Dataset entries

== == ==

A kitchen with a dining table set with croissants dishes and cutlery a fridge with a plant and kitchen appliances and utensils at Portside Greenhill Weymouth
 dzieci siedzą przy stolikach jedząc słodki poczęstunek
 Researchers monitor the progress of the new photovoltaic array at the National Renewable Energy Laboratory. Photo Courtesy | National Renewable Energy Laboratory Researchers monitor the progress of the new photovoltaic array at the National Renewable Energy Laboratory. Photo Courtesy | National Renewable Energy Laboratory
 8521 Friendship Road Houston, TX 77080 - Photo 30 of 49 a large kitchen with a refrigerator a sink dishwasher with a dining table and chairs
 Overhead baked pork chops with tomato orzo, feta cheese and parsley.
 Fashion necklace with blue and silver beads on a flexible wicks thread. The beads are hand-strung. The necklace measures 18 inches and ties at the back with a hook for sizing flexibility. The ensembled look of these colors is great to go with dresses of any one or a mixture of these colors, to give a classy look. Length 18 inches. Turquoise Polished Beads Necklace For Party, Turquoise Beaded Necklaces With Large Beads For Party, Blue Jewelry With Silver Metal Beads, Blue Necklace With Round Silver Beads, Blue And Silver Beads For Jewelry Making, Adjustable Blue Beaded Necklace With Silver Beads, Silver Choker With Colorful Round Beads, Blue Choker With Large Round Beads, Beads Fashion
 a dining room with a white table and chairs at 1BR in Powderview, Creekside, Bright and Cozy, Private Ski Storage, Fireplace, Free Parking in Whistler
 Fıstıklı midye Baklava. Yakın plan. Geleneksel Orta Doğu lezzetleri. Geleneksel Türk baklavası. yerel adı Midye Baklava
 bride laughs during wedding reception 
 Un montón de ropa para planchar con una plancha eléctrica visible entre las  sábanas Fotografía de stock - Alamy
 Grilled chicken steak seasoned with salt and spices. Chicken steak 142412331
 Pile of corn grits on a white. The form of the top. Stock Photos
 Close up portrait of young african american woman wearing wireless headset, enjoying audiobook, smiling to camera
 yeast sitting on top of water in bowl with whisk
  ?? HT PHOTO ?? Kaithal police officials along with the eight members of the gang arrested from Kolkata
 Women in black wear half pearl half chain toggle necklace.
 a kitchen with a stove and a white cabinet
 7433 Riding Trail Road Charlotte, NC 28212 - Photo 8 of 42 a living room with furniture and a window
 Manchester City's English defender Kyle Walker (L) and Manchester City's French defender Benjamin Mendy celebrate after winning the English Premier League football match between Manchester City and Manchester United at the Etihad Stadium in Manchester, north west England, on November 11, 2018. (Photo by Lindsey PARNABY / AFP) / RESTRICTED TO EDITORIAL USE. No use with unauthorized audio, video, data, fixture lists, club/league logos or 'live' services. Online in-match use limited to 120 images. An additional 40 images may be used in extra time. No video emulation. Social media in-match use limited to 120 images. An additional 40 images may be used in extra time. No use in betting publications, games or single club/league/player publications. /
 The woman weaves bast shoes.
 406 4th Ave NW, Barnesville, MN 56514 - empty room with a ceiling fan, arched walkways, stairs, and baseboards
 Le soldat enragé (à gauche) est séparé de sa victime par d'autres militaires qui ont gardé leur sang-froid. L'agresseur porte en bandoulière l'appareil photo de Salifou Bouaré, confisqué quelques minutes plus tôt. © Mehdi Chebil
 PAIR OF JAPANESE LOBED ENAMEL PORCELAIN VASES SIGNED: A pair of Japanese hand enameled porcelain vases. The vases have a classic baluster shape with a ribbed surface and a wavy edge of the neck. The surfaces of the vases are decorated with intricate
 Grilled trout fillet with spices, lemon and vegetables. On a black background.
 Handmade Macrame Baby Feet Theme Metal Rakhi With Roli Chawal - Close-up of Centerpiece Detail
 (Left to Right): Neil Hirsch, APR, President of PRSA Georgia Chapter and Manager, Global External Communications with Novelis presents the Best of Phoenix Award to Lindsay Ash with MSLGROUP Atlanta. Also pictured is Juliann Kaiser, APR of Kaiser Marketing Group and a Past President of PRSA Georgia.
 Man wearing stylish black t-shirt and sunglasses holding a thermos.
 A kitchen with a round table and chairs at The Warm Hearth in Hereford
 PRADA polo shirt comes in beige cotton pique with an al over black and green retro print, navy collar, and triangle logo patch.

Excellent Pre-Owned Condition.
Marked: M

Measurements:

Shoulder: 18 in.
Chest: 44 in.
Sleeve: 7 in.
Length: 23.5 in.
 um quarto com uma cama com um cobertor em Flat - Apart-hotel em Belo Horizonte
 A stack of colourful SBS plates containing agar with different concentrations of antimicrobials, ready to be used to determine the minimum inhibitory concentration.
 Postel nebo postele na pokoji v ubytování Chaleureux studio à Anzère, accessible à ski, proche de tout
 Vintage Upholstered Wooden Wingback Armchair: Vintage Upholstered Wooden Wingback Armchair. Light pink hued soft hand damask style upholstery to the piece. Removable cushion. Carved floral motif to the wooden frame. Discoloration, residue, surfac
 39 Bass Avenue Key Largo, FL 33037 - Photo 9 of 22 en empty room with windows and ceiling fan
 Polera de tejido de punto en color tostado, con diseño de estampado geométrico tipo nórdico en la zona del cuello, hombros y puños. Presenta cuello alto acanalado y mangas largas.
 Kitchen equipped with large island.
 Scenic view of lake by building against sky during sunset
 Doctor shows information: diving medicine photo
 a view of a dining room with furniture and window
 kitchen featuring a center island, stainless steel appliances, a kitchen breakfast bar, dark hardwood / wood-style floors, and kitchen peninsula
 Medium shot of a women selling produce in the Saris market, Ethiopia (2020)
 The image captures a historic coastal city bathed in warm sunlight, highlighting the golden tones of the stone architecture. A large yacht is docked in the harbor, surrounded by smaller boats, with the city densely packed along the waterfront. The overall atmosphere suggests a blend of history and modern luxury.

== == ==

Return every line from the entries above that contains the word "Length".

 Fashion necklace with blue and silver beads on a flexible wicks thread. The beads are hand-strung. The necklace measures 18 inches and ties at the back with a hook for sizing flexibility. The ensembled look of these colors is great to go with dresses of any one or a mixture of these colors, to give a classy look. Length 18 inches. Turquoise Polished Beads Necklace For Party, Turquoise Beaded Necklaces With Large Beads For Party, Blue Jewelry With Silver Metal Beads, Blue Necklace With Round Silver Beads, Blue And Silver Beads For Jewelry Making, Adjustable Blue Beaded Necklace With Silver Beads, Silver Choker With Colorful Round Beads, Blue Choker With Large Round Beads, Beads Fashion
Length: 23.5 in.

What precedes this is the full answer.